Pentesileia é uma das cidades que Marco Polo descreve ao Grand Kahn, no livro de Italo Calvino, Cidades Invisíveis. Como todas as cidades do livro, nenhuma deixa de ser a mesma. Na que está aqui em destaque nunca se consegue saber se estamos já nela ou se já saímos dela, como o autor coloca ao final da descrição que faz da cidade: "fora de Pentesileia existe um lado de fora? Ou, por mais que você se afaste da cidade, nada faz além de passar de um limbo para o outro sem conseguir sair dali?"
Pentesileia, na mitologia grega, foi uma das rainhas amazonas. Sua história, no entanto, é trágica, ela matou sua irmã por acidente, passando a desejar a própria morte pelo que fez. Motivo que a levou a entrar na guerra de Troia, onde é morta por Aquiles. Esse ao ver toda a beleza da amazona, por de trás de sua armadura, se comove. Temos uma beleza escondida e uma tristeza que constrói o caminho da própria morte, pela incapacidade de sentir a vida.

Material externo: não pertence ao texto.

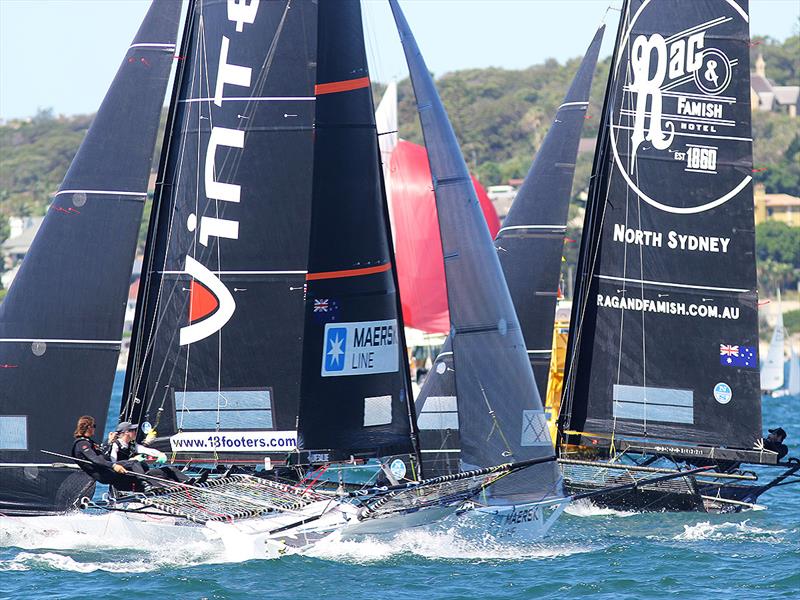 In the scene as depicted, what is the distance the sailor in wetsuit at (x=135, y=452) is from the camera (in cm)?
1434

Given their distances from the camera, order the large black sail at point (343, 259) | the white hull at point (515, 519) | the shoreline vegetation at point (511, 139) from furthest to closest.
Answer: the shoreline vegetation at point (511, 139) < the large black sail at point (343, 259) < the white hull at point (515, 519)

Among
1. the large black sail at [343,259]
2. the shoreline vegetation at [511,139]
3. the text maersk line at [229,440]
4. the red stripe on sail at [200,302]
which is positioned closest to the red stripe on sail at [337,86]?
the large black sail at [343,259]

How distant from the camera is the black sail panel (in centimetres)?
1917

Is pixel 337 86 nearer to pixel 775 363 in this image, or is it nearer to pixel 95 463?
pixel 95 463

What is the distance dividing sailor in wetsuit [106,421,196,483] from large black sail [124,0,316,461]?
559 mm

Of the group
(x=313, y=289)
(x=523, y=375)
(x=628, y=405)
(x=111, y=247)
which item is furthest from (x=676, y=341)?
(x=111, y=247)

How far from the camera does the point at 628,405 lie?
57.3 ft

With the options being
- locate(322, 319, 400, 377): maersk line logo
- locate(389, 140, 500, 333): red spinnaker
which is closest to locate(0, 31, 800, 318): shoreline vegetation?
locate(389, 140, 500, 333): red spinnaker

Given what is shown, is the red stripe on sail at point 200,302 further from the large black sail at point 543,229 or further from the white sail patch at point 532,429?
the large black sail at point 543,229

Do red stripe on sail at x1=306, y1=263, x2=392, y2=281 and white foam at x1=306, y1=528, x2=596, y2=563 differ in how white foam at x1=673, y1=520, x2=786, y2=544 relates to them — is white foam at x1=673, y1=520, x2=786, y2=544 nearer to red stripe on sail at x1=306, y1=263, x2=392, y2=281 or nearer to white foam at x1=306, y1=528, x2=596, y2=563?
white foam at x1=306, y1=528, x2=596, y2=563

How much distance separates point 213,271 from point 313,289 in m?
1.06

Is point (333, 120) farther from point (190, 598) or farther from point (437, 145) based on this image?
point (190, 598)

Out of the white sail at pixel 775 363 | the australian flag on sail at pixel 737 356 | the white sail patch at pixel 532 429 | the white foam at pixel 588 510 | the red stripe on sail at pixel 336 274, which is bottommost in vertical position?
the white sail at pixel 775 363

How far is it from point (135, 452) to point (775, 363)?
38.9 metres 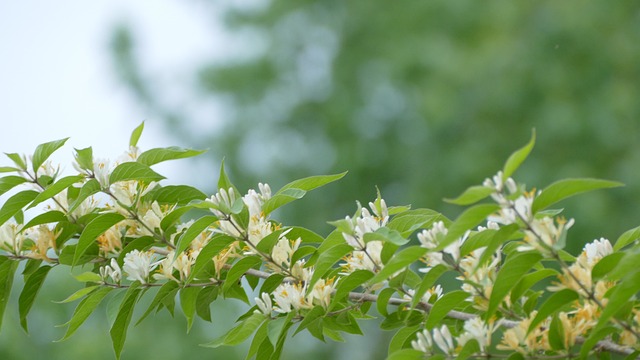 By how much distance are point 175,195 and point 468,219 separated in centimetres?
75

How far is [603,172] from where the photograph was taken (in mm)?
9422

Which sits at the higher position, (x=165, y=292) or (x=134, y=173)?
(x=134, y=173)

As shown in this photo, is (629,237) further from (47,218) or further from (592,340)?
(47,218)

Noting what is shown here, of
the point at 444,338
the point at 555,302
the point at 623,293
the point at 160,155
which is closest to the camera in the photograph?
the point at 623,293

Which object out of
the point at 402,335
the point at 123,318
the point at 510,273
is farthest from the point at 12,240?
the point at 510,273

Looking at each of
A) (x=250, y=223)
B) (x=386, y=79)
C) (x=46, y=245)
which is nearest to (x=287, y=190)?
(x=250, y=223)

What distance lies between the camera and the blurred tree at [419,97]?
373 inches

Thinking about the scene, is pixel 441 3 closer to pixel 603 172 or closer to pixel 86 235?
pixel 603 172

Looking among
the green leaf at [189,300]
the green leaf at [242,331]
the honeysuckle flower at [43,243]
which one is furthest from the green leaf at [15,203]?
the green leaf at [242,331]

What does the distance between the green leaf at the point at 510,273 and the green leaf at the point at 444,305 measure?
8cm

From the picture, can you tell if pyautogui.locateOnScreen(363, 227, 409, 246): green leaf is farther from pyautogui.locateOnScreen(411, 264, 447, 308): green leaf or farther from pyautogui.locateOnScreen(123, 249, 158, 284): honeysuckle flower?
pyautogui.locateOnScreen(123, 249, 158, 284): honeysuckle flower

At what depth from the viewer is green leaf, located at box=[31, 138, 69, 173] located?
5.59 ft

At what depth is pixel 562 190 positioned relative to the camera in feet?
4.07

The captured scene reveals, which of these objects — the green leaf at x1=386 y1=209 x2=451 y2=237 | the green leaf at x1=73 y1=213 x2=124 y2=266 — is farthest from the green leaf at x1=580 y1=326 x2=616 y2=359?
the green leaf at x1=73 y1=213 x2=124 y2=266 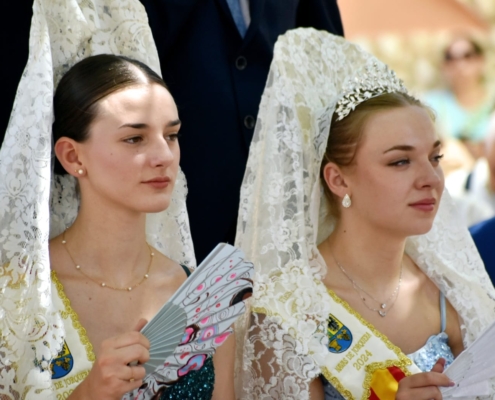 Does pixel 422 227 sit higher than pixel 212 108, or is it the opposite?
pixel 212 108

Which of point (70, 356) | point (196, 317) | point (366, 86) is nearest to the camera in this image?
point (196, 317)

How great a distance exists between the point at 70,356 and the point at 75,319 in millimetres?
104

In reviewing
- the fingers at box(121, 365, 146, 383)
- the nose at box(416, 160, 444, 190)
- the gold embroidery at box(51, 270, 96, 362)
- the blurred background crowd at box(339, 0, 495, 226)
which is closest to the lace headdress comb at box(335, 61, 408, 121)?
the nose at box(416, 160, 444, 190)

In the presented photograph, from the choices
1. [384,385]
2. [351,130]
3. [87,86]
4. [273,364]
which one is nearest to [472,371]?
[384,385]

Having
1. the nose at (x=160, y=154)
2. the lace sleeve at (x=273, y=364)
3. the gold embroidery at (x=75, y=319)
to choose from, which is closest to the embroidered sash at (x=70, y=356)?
the gold embroidery at (x=75, y=319)

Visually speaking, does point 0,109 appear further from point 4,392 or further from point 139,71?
point 4,392

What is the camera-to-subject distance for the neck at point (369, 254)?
2934 mm

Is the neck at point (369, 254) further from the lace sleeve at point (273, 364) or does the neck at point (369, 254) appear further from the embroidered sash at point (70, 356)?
the embroidered sash at point (70, 356)

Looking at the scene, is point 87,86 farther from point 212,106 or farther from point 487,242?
point 487,242

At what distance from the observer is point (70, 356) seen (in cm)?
234

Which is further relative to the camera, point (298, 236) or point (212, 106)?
point (212, 106)

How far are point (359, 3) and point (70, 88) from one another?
4.68 metres

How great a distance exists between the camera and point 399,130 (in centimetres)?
289

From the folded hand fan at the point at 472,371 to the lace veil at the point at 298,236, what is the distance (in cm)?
38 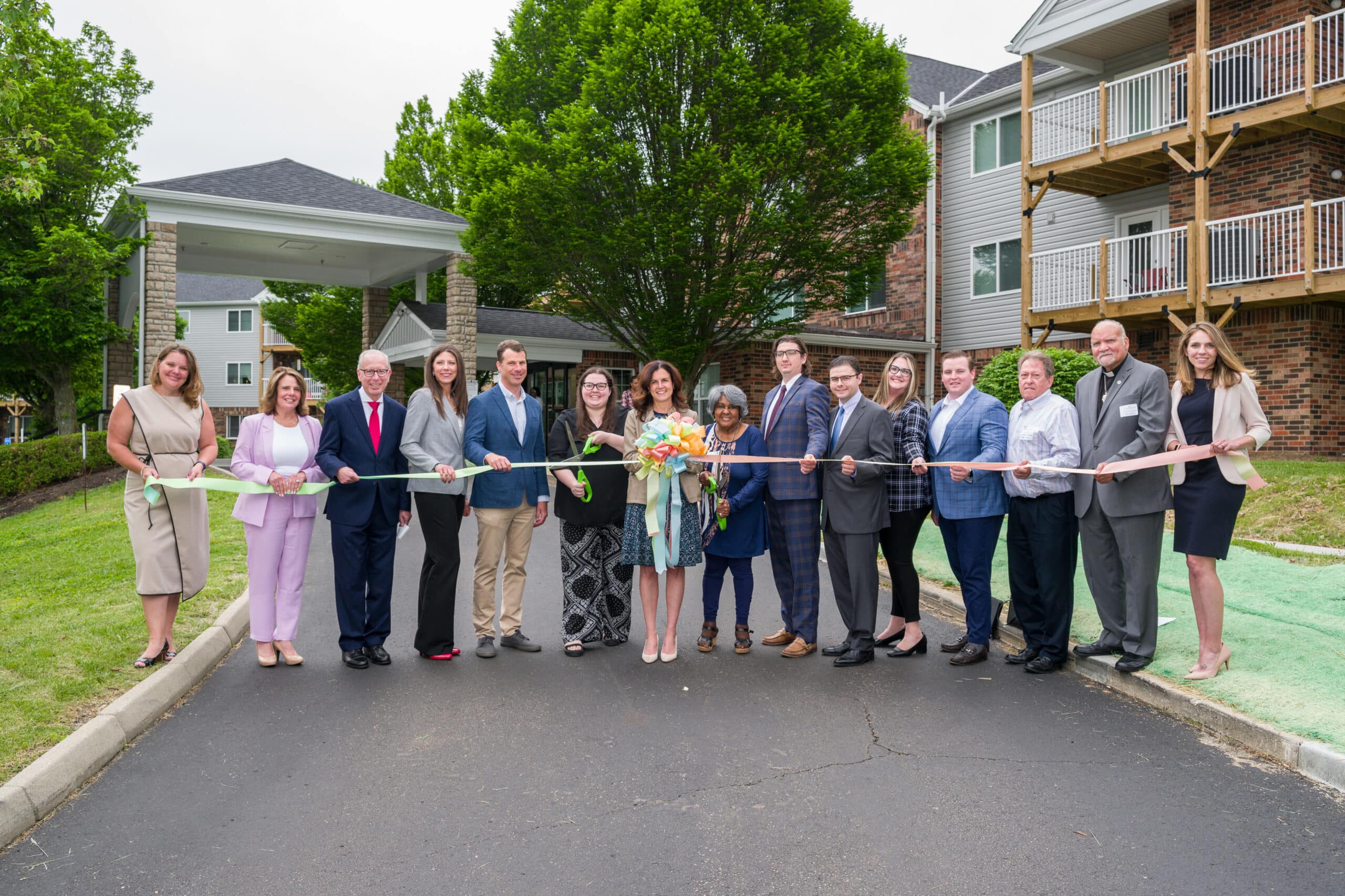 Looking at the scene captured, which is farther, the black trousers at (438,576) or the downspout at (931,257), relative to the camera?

Queria partir desse pensamento para dizer que Petensileia é a cidade do inexperienciavel. Nada fica como conhecido, nada fica como sabedoria, nada nos constrói. Ao final de uma jornada na cidade, volta-se extenuado para seu dormitório, tendo passado por inúmeras situações de estresse ou prazer, sem que nada vire experiência, sem que nada possa ser expropriado na fala. O cidadão de Pentesileia, quando fala tudo, não consegue dizer nada de si, fica ele melhor calado, em silêncio, do que se exortando em palavras vãs. No dia seguinte, no fim de semana seguinte, ele irá repetir o vivido como um outro, como se estar em uma nova localidade fosse possível.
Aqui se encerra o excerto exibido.